Please output every line of the material as it stands, without the pictures.

::: DATA SHOWN :::

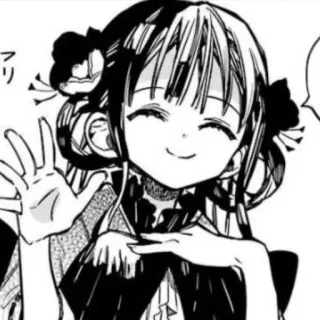 🍥 アリ anime, manga, character, black and white, smile, wave telegram sticker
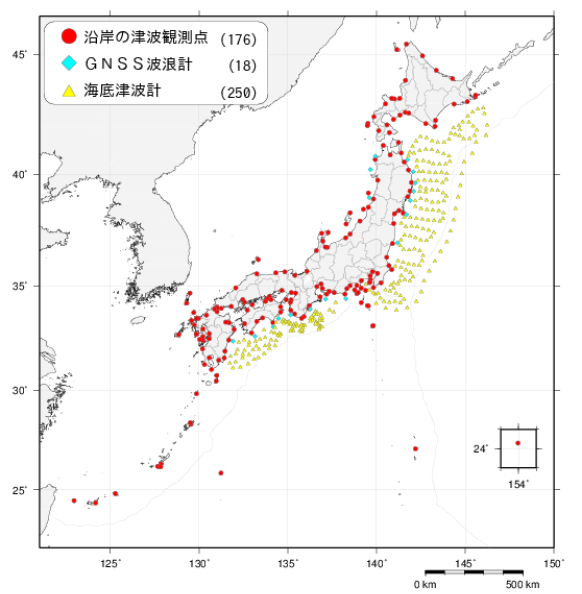 津波の観測値を発表する津波観測点の図
沿岸の津波観測点176、GNSS波浪計18，海底津波計250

:::

WRITTEN RESPONSE:
 🍥 アリ anime, manga, character, black and white, smile, wave telegram sticker
 津波の観測値を発表する津波観測点の図
沿岸の津波観測点176、GNSS波浪計18，海底津波計250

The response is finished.